About this exercise
Transcribe the entries that come next exactly, but not the pictures they contain.

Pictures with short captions
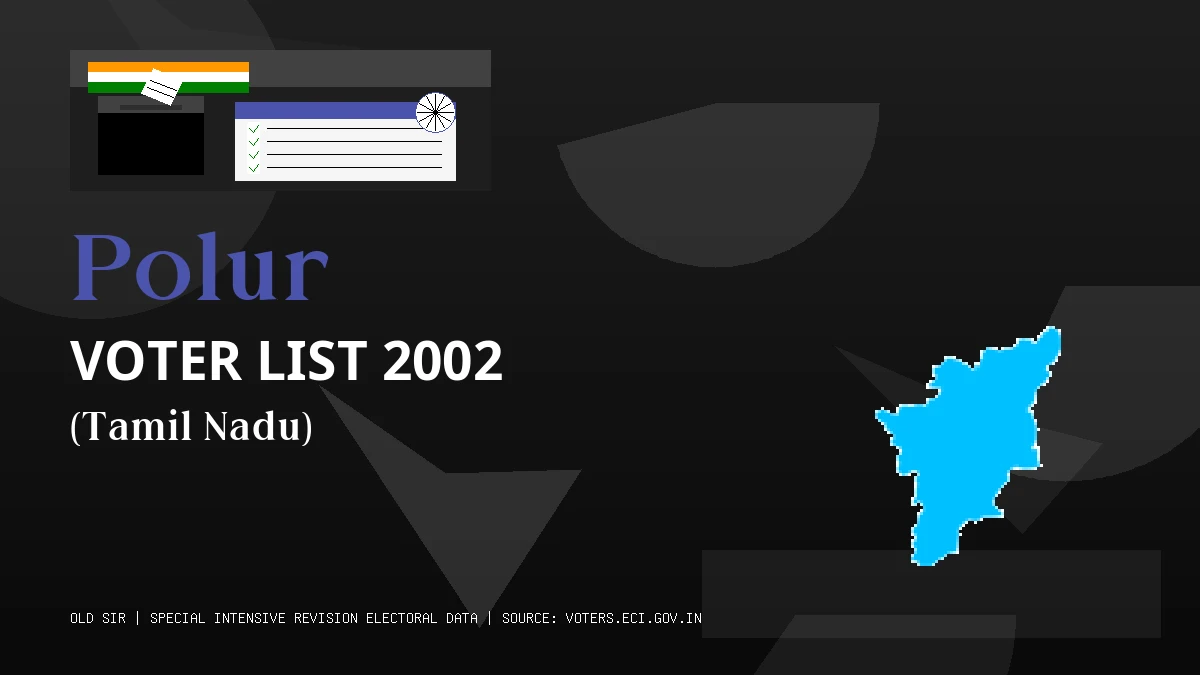 Polur Voter List 2002 PDF Download Tamil Nadu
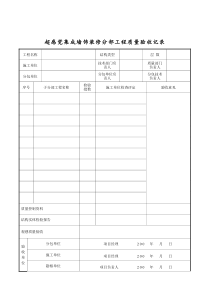 超感觉集成墙饰装修分部工程质量验收记录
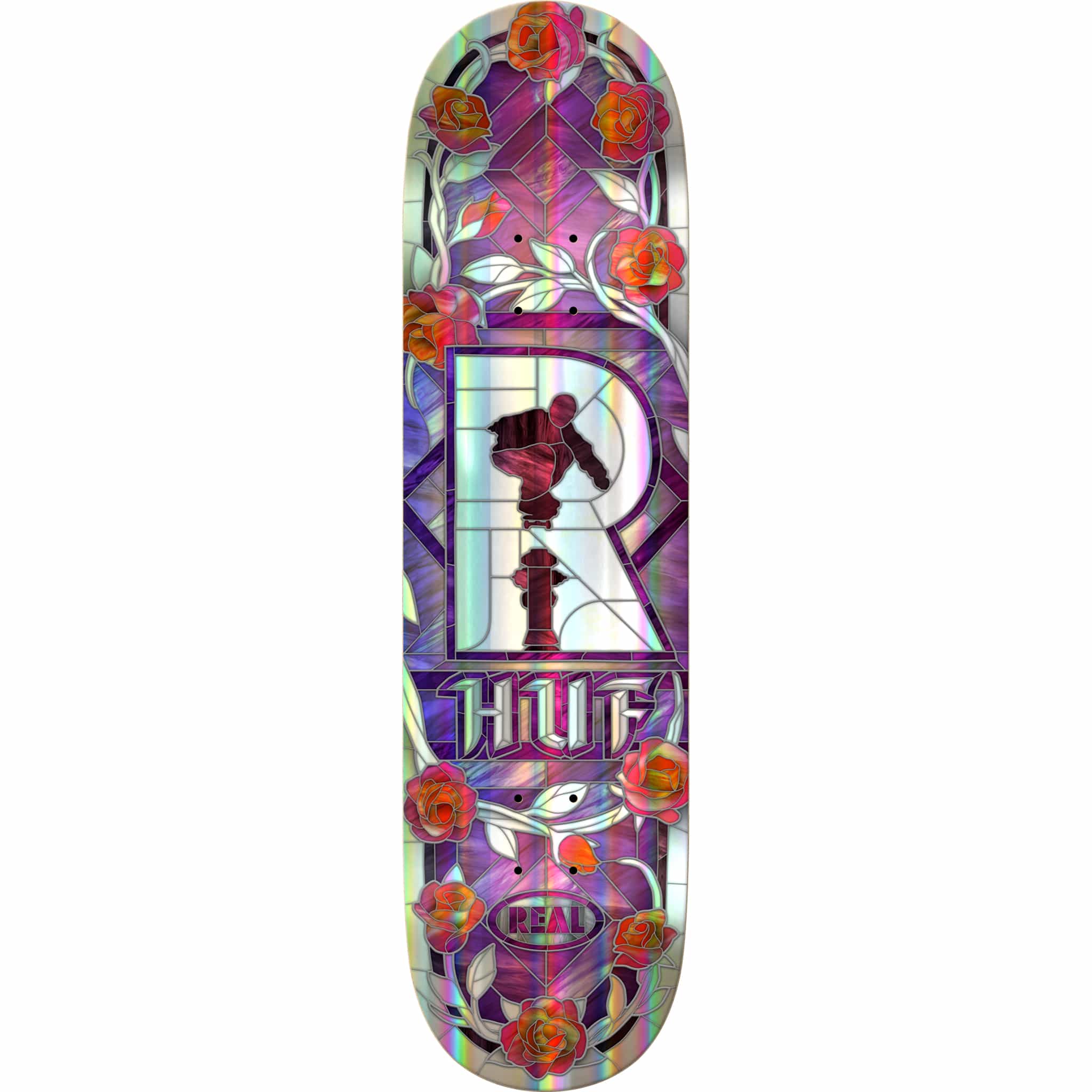 Real HUF Holographic Cathedral Skateboard Deck 8.06" Skateboard
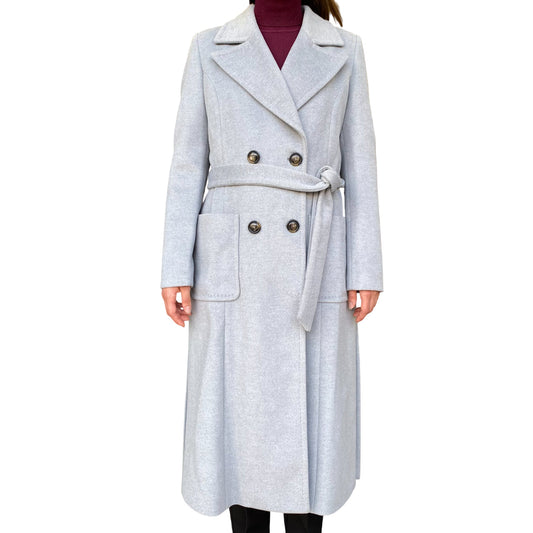 Griffai Cappotto Doppiopetto Lungo con Cintura Donna DGF6053 Grigio
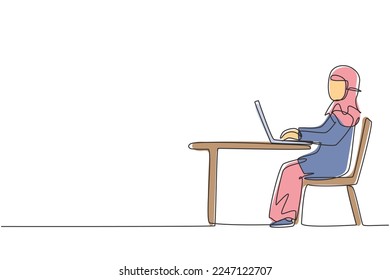 Single one line drawing Arabian girl with laptop sitting on chair around desk. Distance learning, online courses, and studying concept. Modern continuous line draw design graphic vector illustration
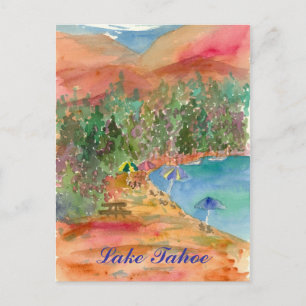 Carte Postale Lac Tahoe Summer Beach Umbrellas Mountains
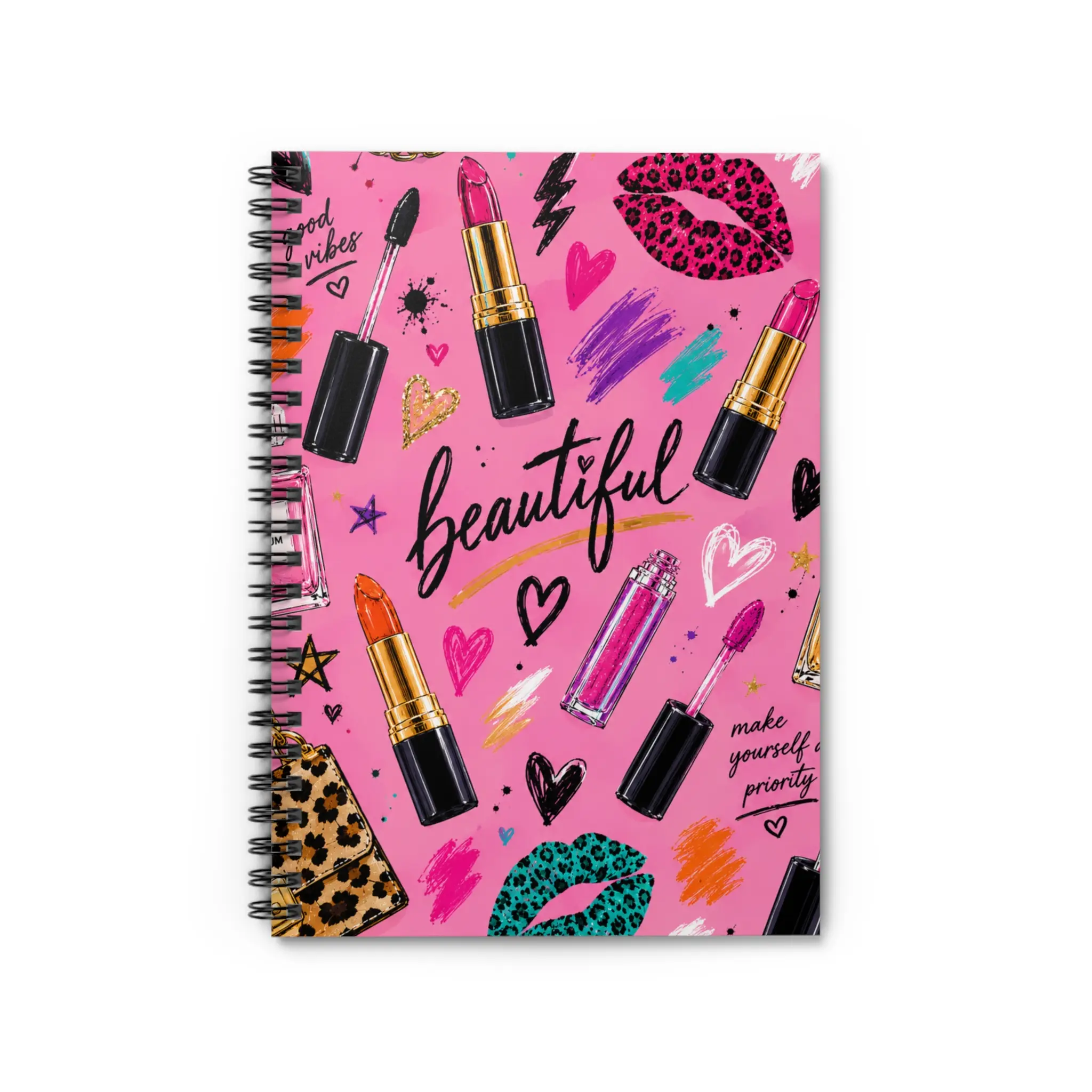 Makeup Lipstick Pattern Spiral Notebook, 6 x 8 in College Ruled Journal, Office Stationery Journaling Supplies for Sketchbook Ideas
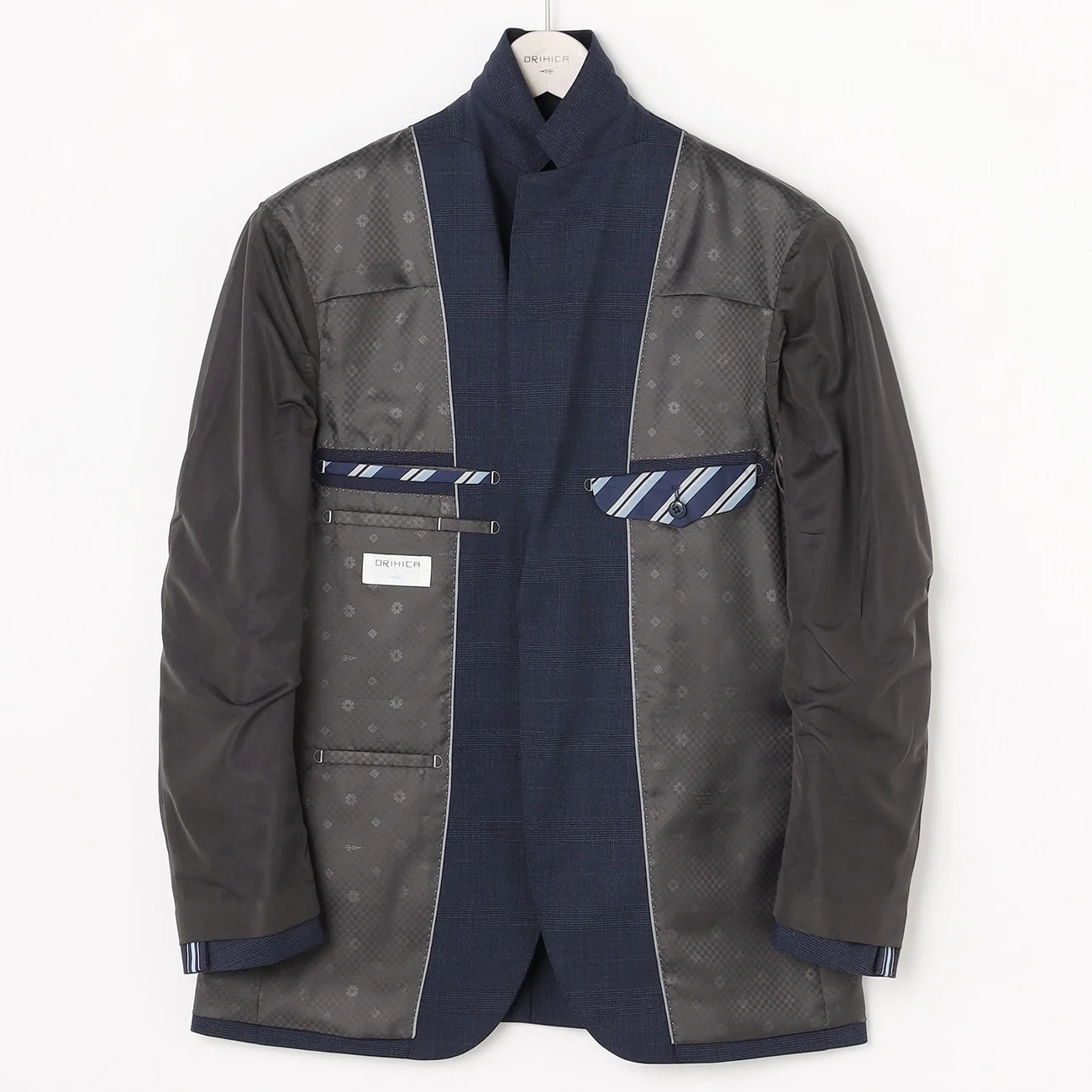 Washable Stretch Glen Plaid Suit Jacket - Navy - Image 11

Task answer
 Polur Voter List 2002 PDF Download Tamil Nadu
 超感觉集成墙饰装修分部工程质量验收记录
 Real HUF Holographic Cathedral Skateboard Deck 8.06" Skateboard
 Griffai Cappotto Doppiopetto Lungo con Cintura Donna DGF6053 Grigio
 Single one line drawing Arabian girl with laptop sitting on chair around desk. Distance learning, online courses, and studying concept. Modern continuous line draw design graphic vector illustration
 Carte Postale Lac Tahoe Summer Beach Umbrellas Mountains
 Makeup Lipstick Pattern Spiral Notebook, 6 x 8 in College Ruled Journal, Office Stationery Journaling Supplies for Sketchbook Ideas
 Washable Stretch Glen Plaid Suit Jacket - Navy - Image 11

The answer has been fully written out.